La borghesia scomparsa e il germe del Sessantotto
Se saranno le vecchie zie a salvarci, di sicuro i nipoti non sono più gli stessi. E’ la crisi di una borghesia forse solo immaginata. Anche qui, lo sguardo vede in avanti, prefigurando il germe che diventerà pustola generazionale e sessantottina. «L’animo di quei borghesi è rimasto attaccato al loro gilè bianco, non vive più sotto i pullovers degli eredi. I figli, i nipoti, i pronipoti di quei vecchi borghesi non vogliono più sembrarlo; vogliono diventare qualcosa di diverso, qualcosa d’altro (…) E’ ricco, ma è debole questo nuovo borghese, perché “intimamente ed eternamente incapace di ricchezza”: potente, trema per un dazio, sussulta per una circolare, palpita per un articolo di giornale». La crisi e la finanziarizzazione del capitalista è dietro l’angolo, questa sì inevitabile. «Il capitale ha perduto forza: è soltanto un peso, un peso da difendere: non seleziona, non raffina. Chi possiede un miliardo, possiede novecentonovantanove milioni di più di chi ne possiede uno soltanto: è una differenza di zeri, fra gente che vale zero». Distaccati dal reale, sterili, i nuovi borghesi «ritornano numeri, consumatori di idee altrui, credenti che non credono, padroni che non comandano».
Una fruttiera sul Colle
Profezie affidate alla lama dell’ironia.

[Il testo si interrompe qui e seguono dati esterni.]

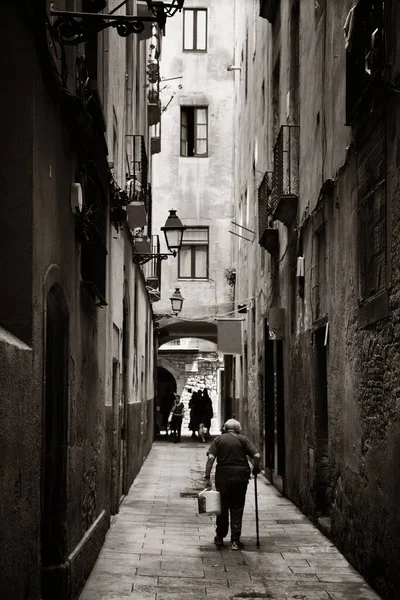 Bâtiments anciens dans le quartier gothique de Barcelone — Photo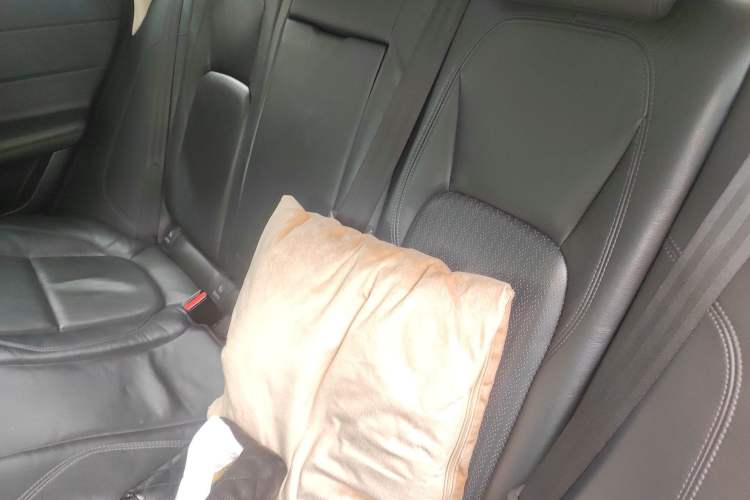 Used Jaguar XFL 2018 XFL 2.0T 250 PS Luxury Edition Left Rear Seat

Il mago Buttafuoco tira fuori dall’infinito cilindro longanesiano un passaggio sulla Presidenza della Repubblica che stordirà, per i fischi, le orecchie incerumate dalle parti del Quirinale. «Un Presidente deve essere qualcosa che stia fra il nonno e il re, fra il preside di liceo e un busto al Pincio (…) e soprattutto, conoscere l’arte di apparire inanimato come un oggetto di gran valore, una fruttiera d’argento, ad esempio, posata sulla credenza di una casa borghese». Non c’è forse una fruttiera d’argento, oggi, nel salotto buono del pifferaio di Pontassieve?